*** SOURCE MATERIAL Section Begins ***
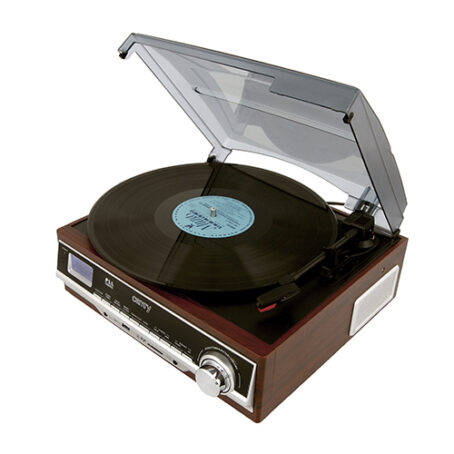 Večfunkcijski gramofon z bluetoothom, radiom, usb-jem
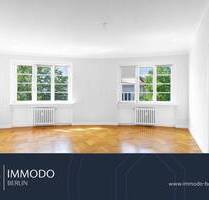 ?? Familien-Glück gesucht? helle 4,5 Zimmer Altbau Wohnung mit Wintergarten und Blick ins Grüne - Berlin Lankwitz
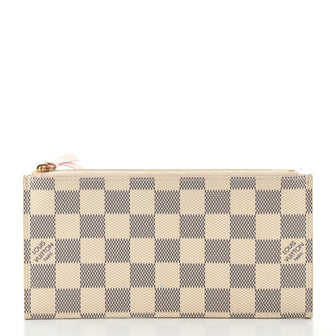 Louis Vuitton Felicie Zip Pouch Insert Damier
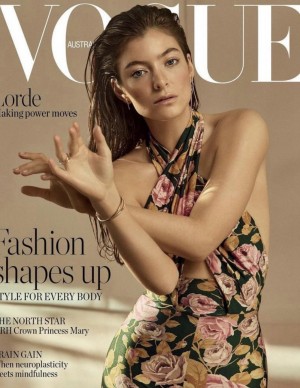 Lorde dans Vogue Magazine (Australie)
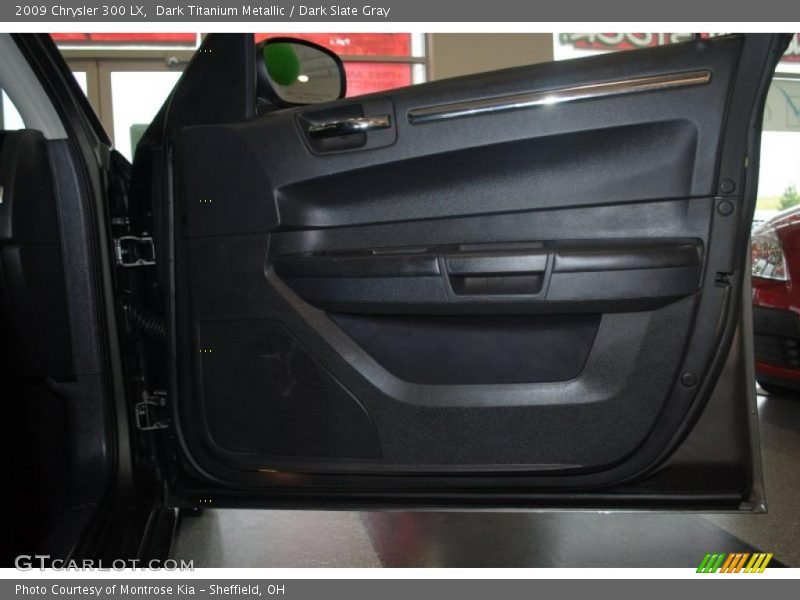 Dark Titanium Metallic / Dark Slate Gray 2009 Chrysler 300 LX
*** SOURCE MATERIAL Section Ends ***
*** SOURCE MATERIAL Section Begins ***
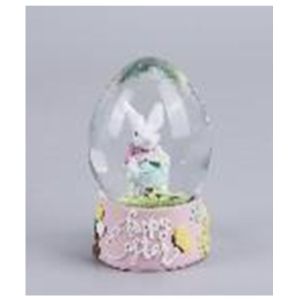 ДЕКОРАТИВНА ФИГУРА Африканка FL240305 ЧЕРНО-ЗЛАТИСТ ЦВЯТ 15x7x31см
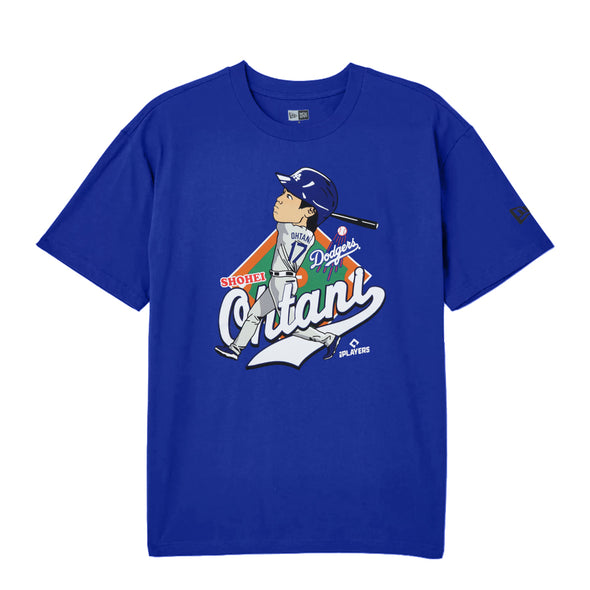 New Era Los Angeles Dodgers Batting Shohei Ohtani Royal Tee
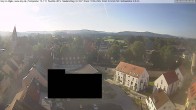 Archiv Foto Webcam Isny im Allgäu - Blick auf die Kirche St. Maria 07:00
*** SOURCE MATERIAL Section Ends ***
*** SOURCE MATERIAL Section Begins ***
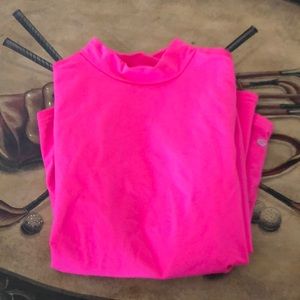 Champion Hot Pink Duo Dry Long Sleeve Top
*** SOURCE MATERIAL Section Ends ***
• **WHAT NEEDS TO BE DONE**:
Return only the stretch above from the line containing "Louis Vuitton Felicie" through the line containing "Dark Titanium Metallic", word for word and without pictures.

• **RESULT**:
 Louis Vuitton Felicie Zip Pouch Insert Damier
 Lorde dans Vogue Magazine (Australie)
 Dark Titanium Metallic / Dark Slate Gray 2009 Chrysler 300 LX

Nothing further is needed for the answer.